L’Agenzia Regionale per la Protezione dell’Ambiente della Sardegna (ARPAS) ha pubblicato il nuovo opuscolo «Le meduse in Sardegna. Bioecologia e distribuzione delle specie avvistate durante i monitoraggi della Strategia Marina».
L’attività di monitoraggio del macro e mega-zooplancton gelatinoso – che comprende organismi come meduse, ctenofori e taliacei – è svolta da ARPAS nell’ambito del Progetto Strategia Marina.
Il monitoraggio delle meduse, condotto in diversi settori marini sardi, ha permesso di registrare 361 avvistamenti, riconducibili a dieci diverse specie di meduse. I risultati mostrano come la Sardegna settentrionale, in particolare l’area di Porto Torres, abbia fatto registrare il maggior numero di osservazioni, mentre il settore di Villasimius si sia distinto per la maggiore biodiversità.
Tra le specie più abbondanti si segnalano la Barchetta di San Pietro (Velella velella), la Cassiopea mediterranea (Cotylorhiza tuberculata) e la Medusa luminosa (Pelagia noctiluca), nota per la sua capacità urticante.
Degno di nota anche l’avvistamento del Polmone di mare (Rhizostoma pulmo), una delle più grandi meduse del Mediterraneo. Particolare attenzione viene dedicata alla presenza della Medusa a pois (Phyllorhiza punctata), specie aliena originaria del Pacifico, rilevata in aumento nei porti di Olbia e Cagliari.

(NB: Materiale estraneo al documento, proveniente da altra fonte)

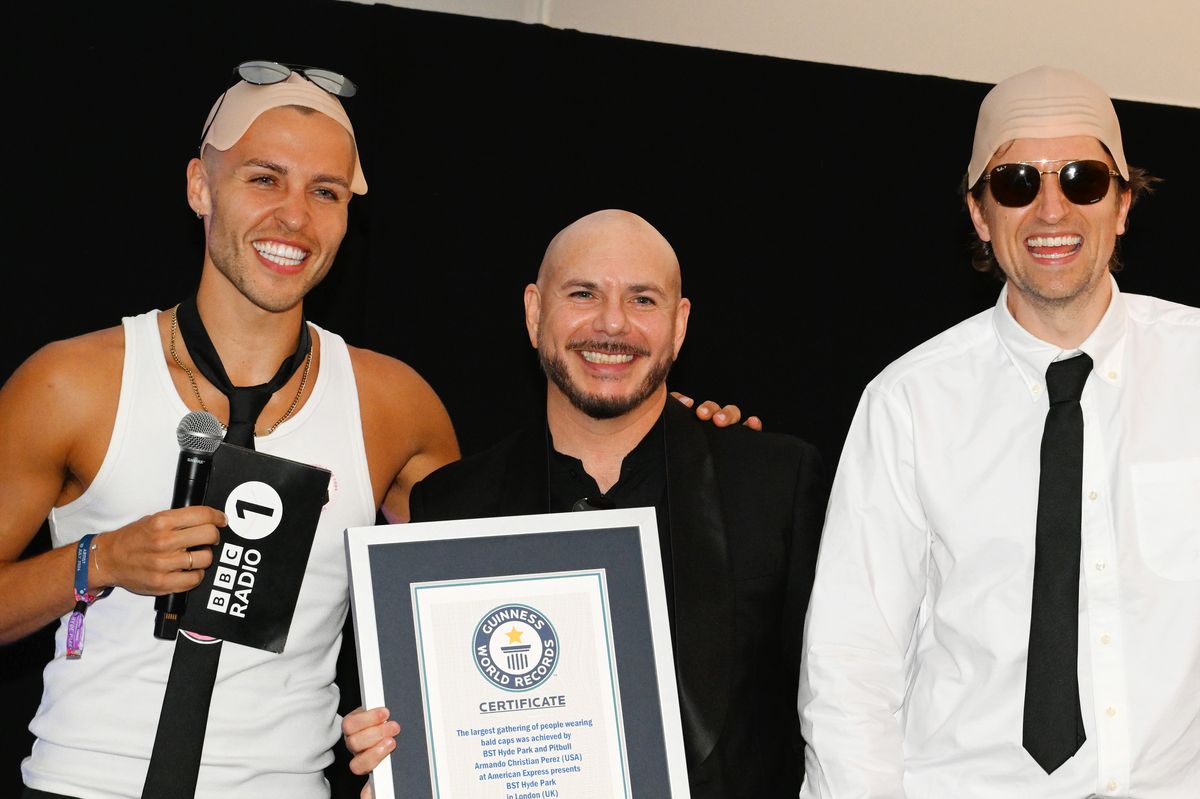 Pitbull (C) is presented with the Guinness World Record title for the 'largest gathering of people wearing bald caps'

Il documento, redatto dal naturalista Giacomo Frau e arricchito da carte distributive e illustrazioni a colori realizzate a mano, comprende schede descrittive per ogni specie osservata, rappresentando uno strumento di informazione e sensibilizzazione rivolto a studiosi, appassionati e cittadini.
L’obiettivo è promuovere una maggiore consapevolezza sull‘importanza ecologica di questi organismi, illustrandone la variabilità, l’abbondanza nei mari sardi e il diverso grado di pericolosità per l’uomo in caso di contatto accidentale.